Besides squash, the pests also are affecting cucumbers, bell peppers and grean beans. Sweet corn apparently isn’t being significantly hit. Lower yields will mean less product for hauling. Color of the fall vegetables also is being affected. Unfortunately, color and general appearance often receive as much emphasis as the quality of product in this cosmetic world.
South Georgia vegetables – grossing about $2200 to New York City.
While loading opportunities for summer vegetables in the mid-west and northeast may have been hindered some due to dry, hot weather, loadings are expected to be brisk for this fall in Georgia. Normal vegetables shipments are expected from the southern part part of the state. Here’s a look at when primarily fall veggies shipments should be available.
These items should continue providing loads in good volume until the first frost hits, which normally comes in mid to late November. The exception is cabbage, which is more frost resistant.
Squash –mid September
Cucumbers — late September
Peppers — early October
Corn and beans — mid October
Cabbage — early November
As the fall Georgia vegetable shipments start declining in November, loading opportunities will be increasing in Florida. However, Florida volume will be light, compared to its most active time of the year, which is spring.
Ohio ships a substaintable amount of vegetables during the summer and fall and volume is increasing. The Buckeye state has several major farming operations scattered around different regions shipping dozens of different types of vegetables ranging from squash to bell peppers, lettuce, tomatoes, cucumbers and beans.
Although shipments have started on some items, Ohio cranks up in July.
For example, cabbage and snap bean shipments area just starting, while items such as potatoes and sweet corn will get going by mid July.
The single most active area in the state with a handful of large shippers providing the most shipments, is located in central Ohio around small communities such as Willard and Plymouth.
However, there’s at least one significant vegetable shipping operation just Southwest of Akron in the eastern part of the state — at Hartville.

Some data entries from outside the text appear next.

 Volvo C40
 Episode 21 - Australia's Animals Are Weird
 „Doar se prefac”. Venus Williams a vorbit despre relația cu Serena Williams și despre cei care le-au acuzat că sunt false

There’s also a couple of vegetable operations in Northwest Ohio, not that far south of Detroit, MI – in towns such as Napoleon and Alvordton, OH.
Despite a freeze on January 3-4, which caused some damage to early spring Florida produce, overall it has been a warmer-than-normal winter and most shipments should be one to two weeks earlier. Florida’s peak spring shipments will occur from late March, extending into May until hot weather begins reducing volume.
Florida spring loadings often involve multiple pick ups of items ranging from bell peppers to squash, cabbage, cucumbers and other veggies. Loads with multiple pick ups often mean multiple drops at the other end of the haul, so be sure and negotiate your freight rates with this in mind.
Tomatoes are a big volume item from Florida and expect loads to be available a week earlier than usual from the Immokalee and Palmetto-Ruskin areas — starting in early April.
As for citrus, shipments are expected to wind down up to three weeks earlier on items such as tangerines (late March) and grapefruit (in April). Tangerine loadings normally end in late April.
Florida ships a significant amount of spring red potatoes from the southern part of the state such as from Lake Wales. Heaviest red potato loadings take place during March and April.
Florida watermelon shipments will get underway in early April.
South Florida red potatoes grossing about $2600 to Philadelphia.